Benefit of change 1: It would be easier for users to understand the otherwise-mysterious fluctuations in their "average" karma.

Benefit of change 2: Average karma estimates would never be far out of date. (This would also make it easier for users to see what's going on.)

Benefit of change 3: Average karma would be more representative. The point of ignoring the 5 most recent changes is to avoid giving a misleadingly low average when recent comments are still gaining karma -- but if a user's most recent comments happen to be high-karma ones, the result may actually be to lower the estimated average, taking it further away from what the average would be if the scores all had time to settle down. Again, this is liable to be confusing to users.

(The specific situation that prompted this: My "average" karma is currently substantially lower than (1) the values it's generally had in the longer term and (2) the scores of recent comments I've made. I found this puzzling -- I knew about the ignore-highest-score trick but not about the ignore-five-latest.)

[IANPG] Since it doesn't result in better posts or comments, it probably doesn't improve HN.
It's worth distinguishing immediate from indirect benefits.

The purpose of the karma system is to encourage better posts and comments. To do this, users need to be able to see and, preferably, feel the link between karma and post and comment quality. Their ability to do this is impaired if the link is subject to delay and confusion.
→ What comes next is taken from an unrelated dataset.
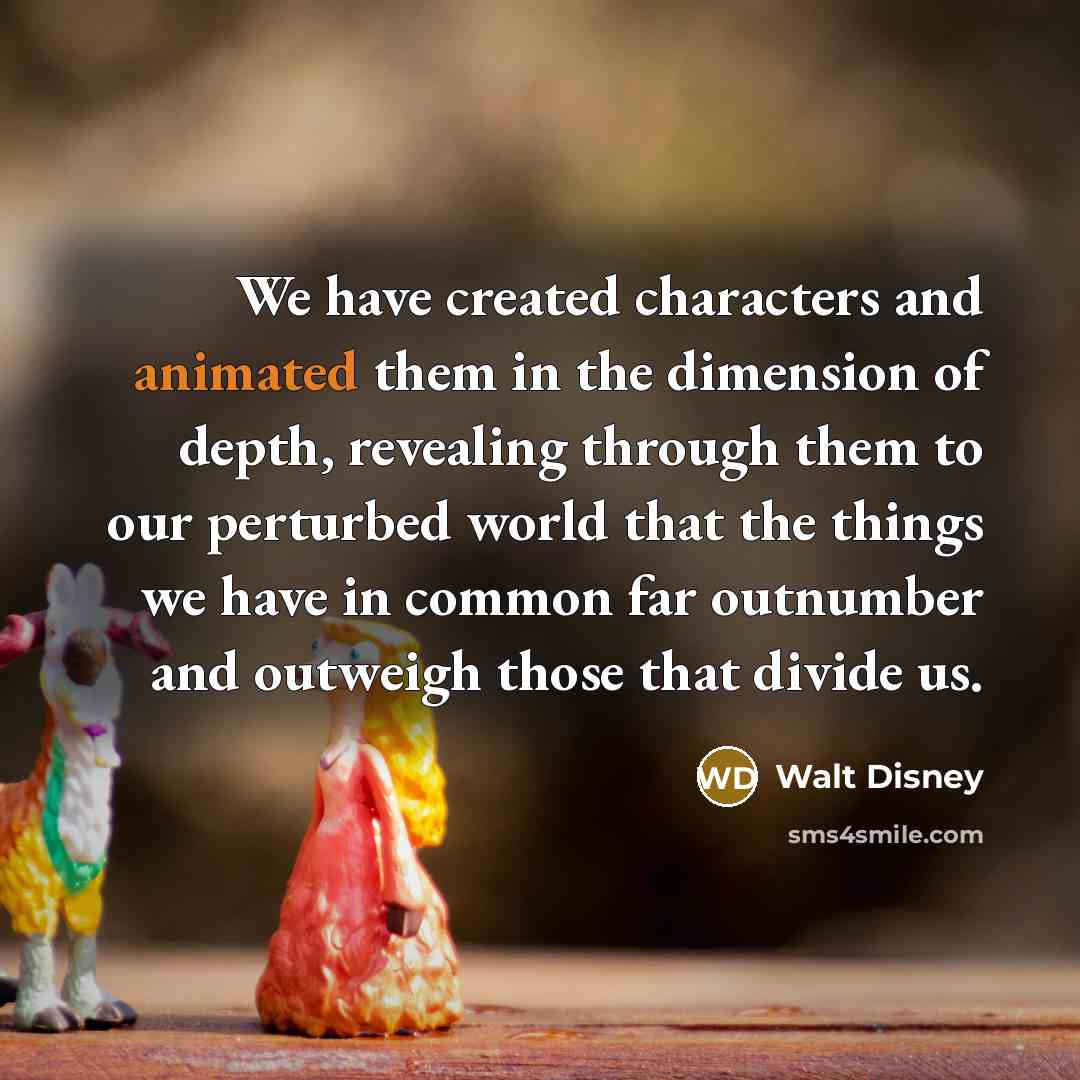 “We have created characters and animated them in the dimension…” quote by Walt Disney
Of course this is only true in so far as users are being guided by the "average karma" figure. But if they aren't, then either it shouldn't be there or the principle you're appealing to is incorrect.

Just out of curiosity, do you think that the black bar displayed at the top of HN pages when certain people die results in better posts or comments? Or would you consider the possibility that, important as those things are, they aren't all PG cares about? I think they aren't; I think he probably cares to some extent about how pleasant HN is to use.

Of course, I'm probably as much of a karma whore as the next guy...but I take my karma average with more salt than the score of individual posts because it offers less direct editorial feedback.

The link between numeric score and quality of post is tenuous. Good comments in low interest threads may still wind up as one point, and well timed snark can score in the double digits (though less likely now that scores are hidden).

The difference I see between the average karma mechanics and the black band is that while the former is of individual concern, the latter fosters a sense of community.